▶ **EXCERPTED DATA**:
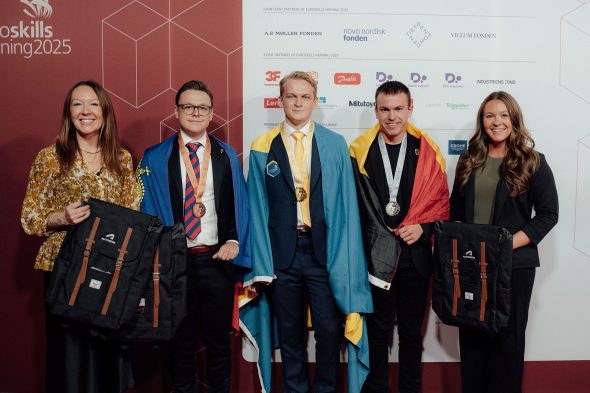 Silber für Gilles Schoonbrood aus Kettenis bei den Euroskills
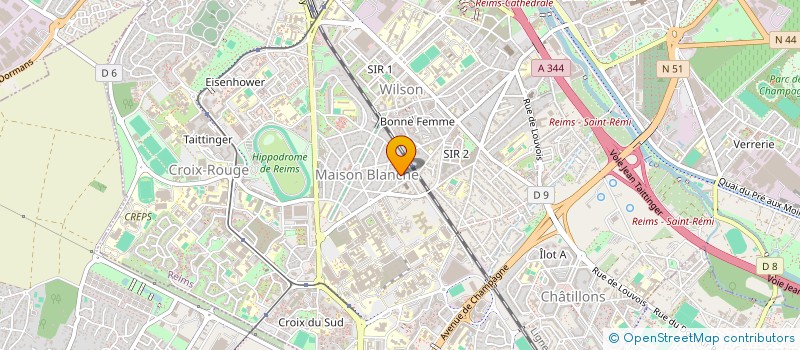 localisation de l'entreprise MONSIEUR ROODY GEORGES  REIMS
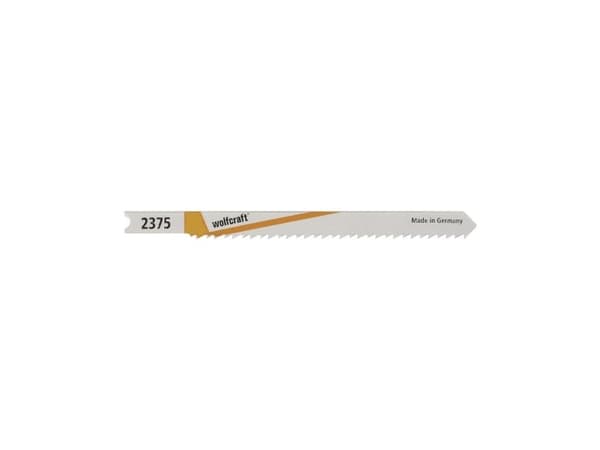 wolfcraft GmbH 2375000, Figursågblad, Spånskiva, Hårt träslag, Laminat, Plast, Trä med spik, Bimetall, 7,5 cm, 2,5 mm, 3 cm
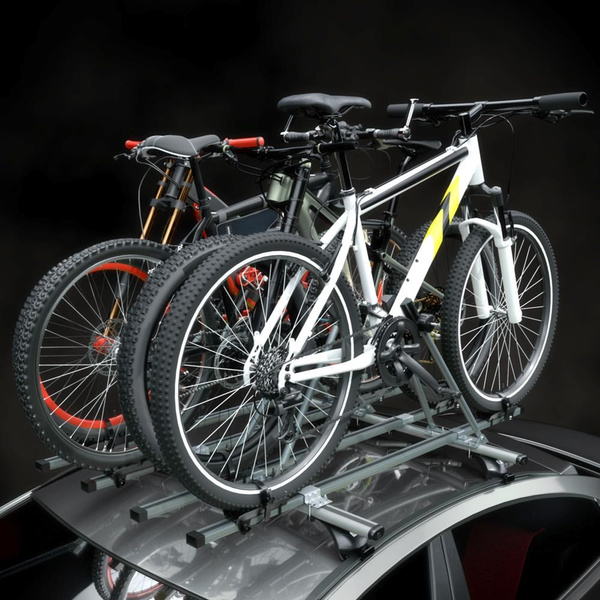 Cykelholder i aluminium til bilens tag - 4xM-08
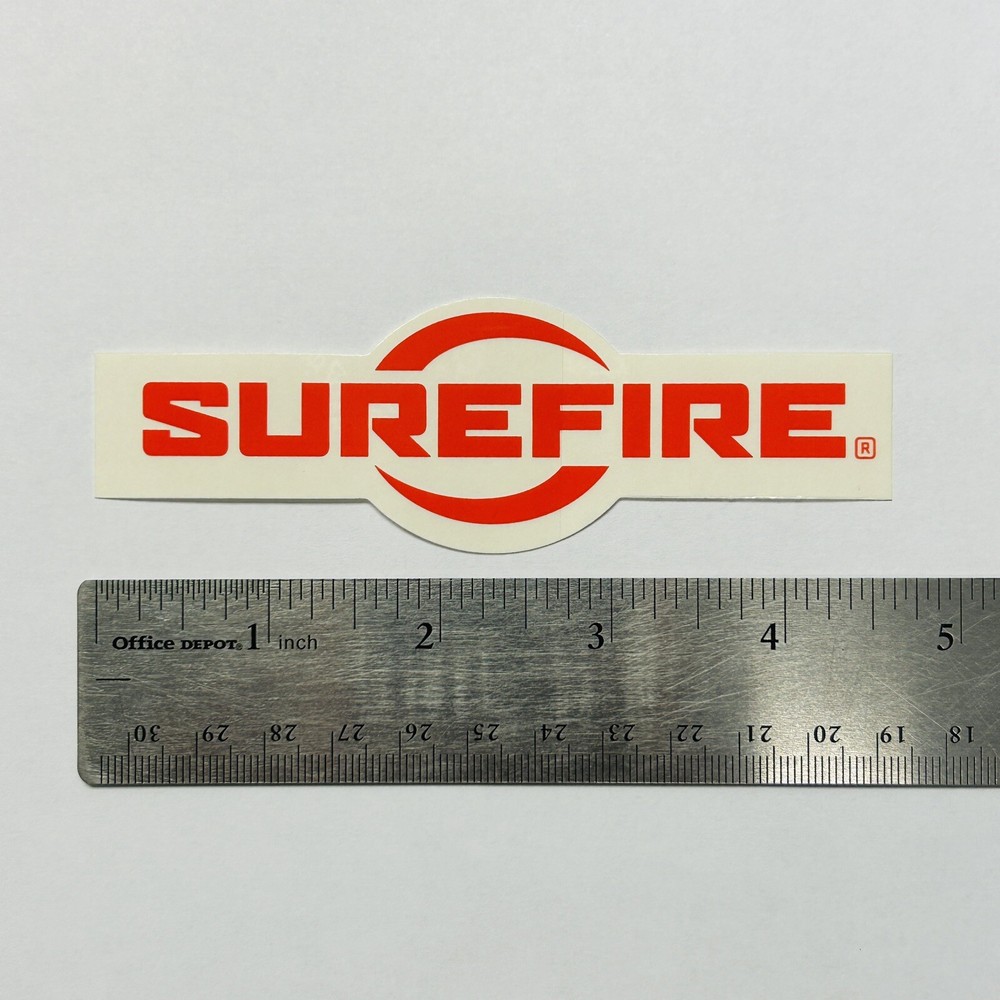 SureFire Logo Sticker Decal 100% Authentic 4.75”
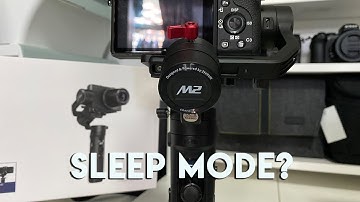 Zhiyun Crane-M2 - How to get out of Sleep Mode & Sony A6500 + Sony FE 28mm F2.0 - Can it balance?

==

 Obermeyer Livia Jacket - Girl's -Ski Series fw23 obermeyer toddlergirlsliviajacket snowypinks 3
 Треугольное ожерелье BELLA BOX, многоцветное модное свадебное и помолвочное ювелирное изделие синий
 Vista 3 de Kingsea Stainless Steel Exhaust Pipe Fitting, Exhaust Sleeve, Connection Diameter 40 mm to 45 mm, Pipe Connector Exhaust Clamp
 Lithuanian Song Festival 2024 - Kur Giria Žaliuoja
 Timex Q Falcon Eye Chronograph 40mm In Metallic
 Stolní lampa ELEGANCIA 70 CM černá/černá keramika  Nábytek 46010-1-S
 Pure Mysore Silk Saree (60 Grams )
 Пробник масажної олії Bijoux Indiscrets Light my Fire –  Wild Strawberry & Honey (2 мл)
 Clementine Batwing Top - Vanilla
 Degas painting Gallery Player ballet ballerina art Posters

▶ **DIRECTIONS FOR THIS TASK**: Of the entries above, repeat exactly the lines between the line with "Pure Mysore Silk Saree (60 Grams )" and the line with "Degas painting Gallery", inclusive, and no others.

▶ **TASK ANSWER**:
 Pure Mysore Silk Saree (60 Grams )
 Пробник масажної олії Bijoux Indiscrets Light my Fire –  Wild Strawberry & Honey (2 мл)
 Clementine Batwing Top - Vanilla
 Degas painting Gallery Player ballet ballerina art Posters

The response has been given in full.